Most Maine newspapers reported this weekend that Plum Creek will revise its development plans for the Moosehead region once again, and that public hearings on the proposal will be postponed indefinitely as a result.

Plum Creek offered no details on the scope of the plan's revision, but it does hope to submit changes to the Land Use Regulation Commission within a month.

In the meantime, it seems a fair speculation that rising interest rates and concomitant cooling of housing markets may have knocked some wind out of Plum Creek's schemes. Even though this is a "30 year" development plan, immediate development would have maximized the present value of Plum Creek's land: they had hoped to finish the proposed housing developments within the next five to ten years.
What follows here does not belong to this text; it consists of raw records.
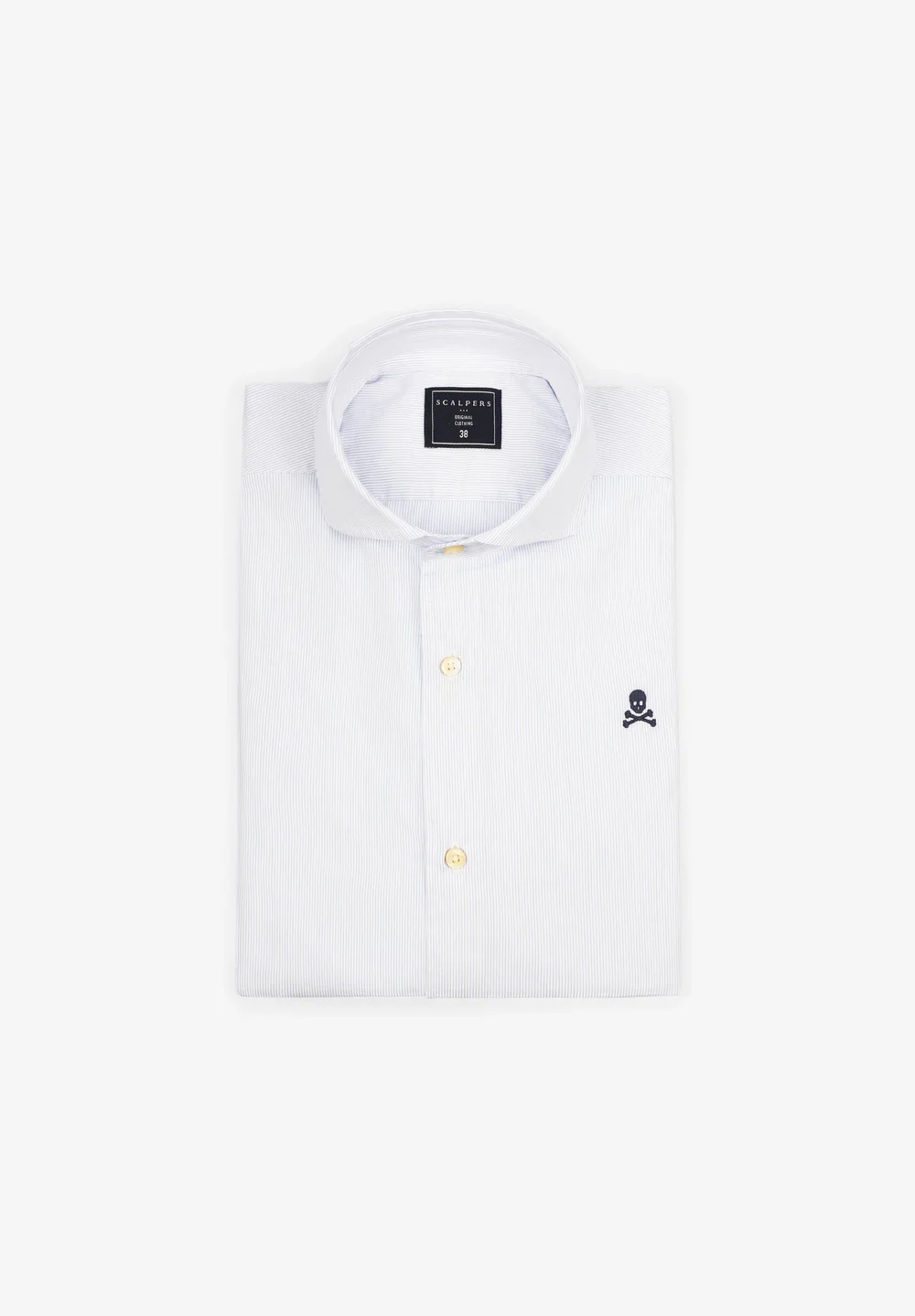 Camisa Skyblue Stripes - Image 6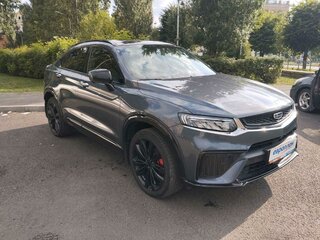 2024 Geely Tugella I Рестайлинг, серый, 2705000 рублей, вид 2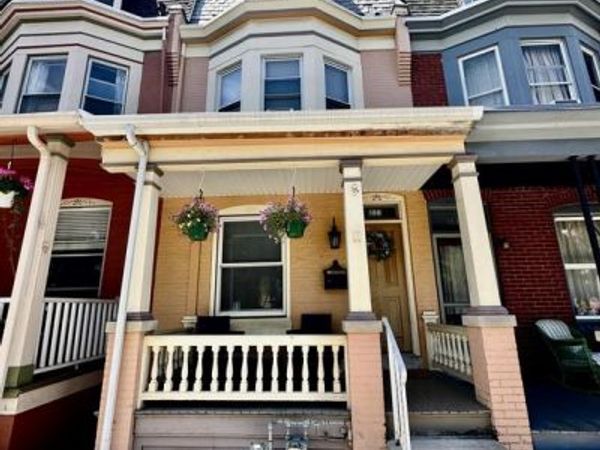 106 S 6TH AVENUE, WEST READING, PA 19611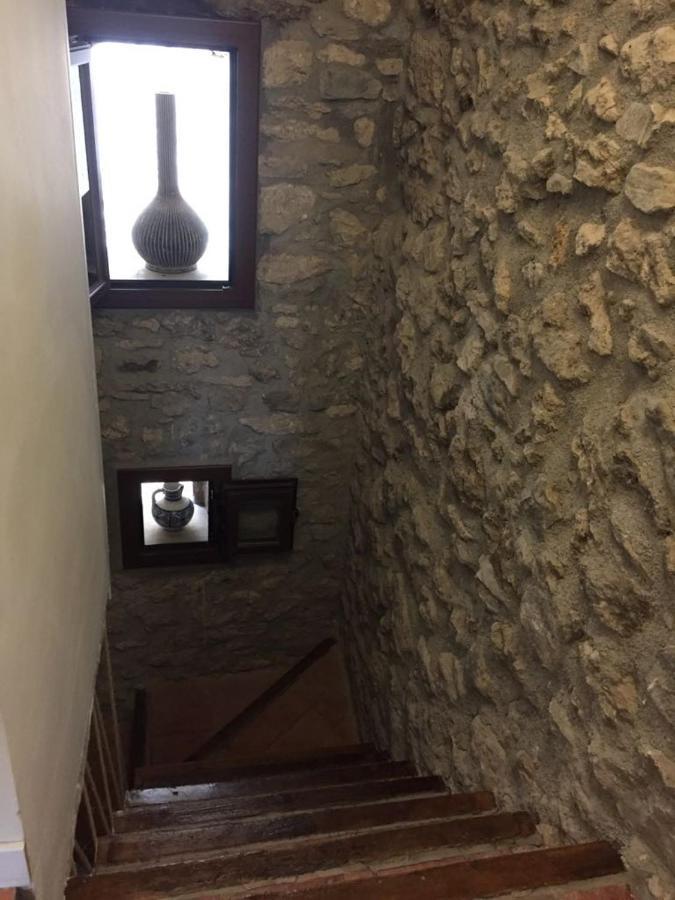 Вилла Casa Montanyes Conques Экстерьер фото
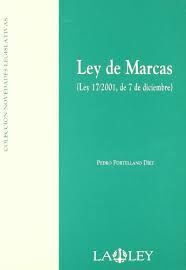 LEY DE MARCAS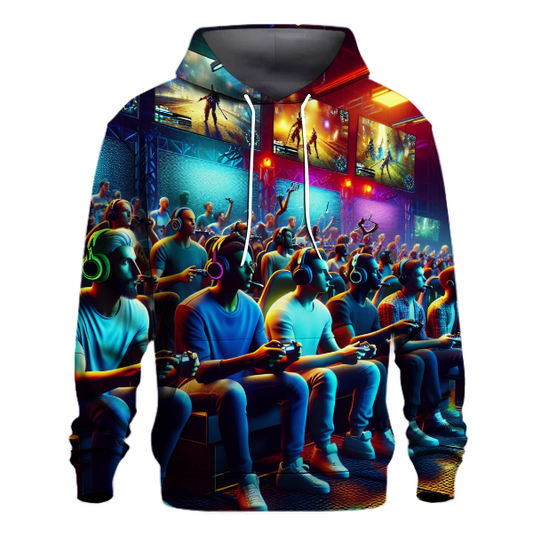 Ultimate Gamer Hoodie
Now that interest rates are rising again, that schedule of construction will coincide with a period of comparatively low demand for new homes. Plum Creek will either have to charge lower prices for its real estate, or constrain supply with fewer houselots. Choosing the latter option will be more lucrative for the company while also appeasing the plan's many critics.

My hope and prediction is that the next plan from Plum Creek will have fewer houselots, and those that remain will be clustered closer to Rockwood and Greenville.

Friday, January 19, 2007

Buy renewable energy!

News on global warming is becoming increasingly bleak. The Bulletin of Atomic Scientists this week set the "Doomsday Clock" two minutes closer to civilization's midnight, in part because of global warming.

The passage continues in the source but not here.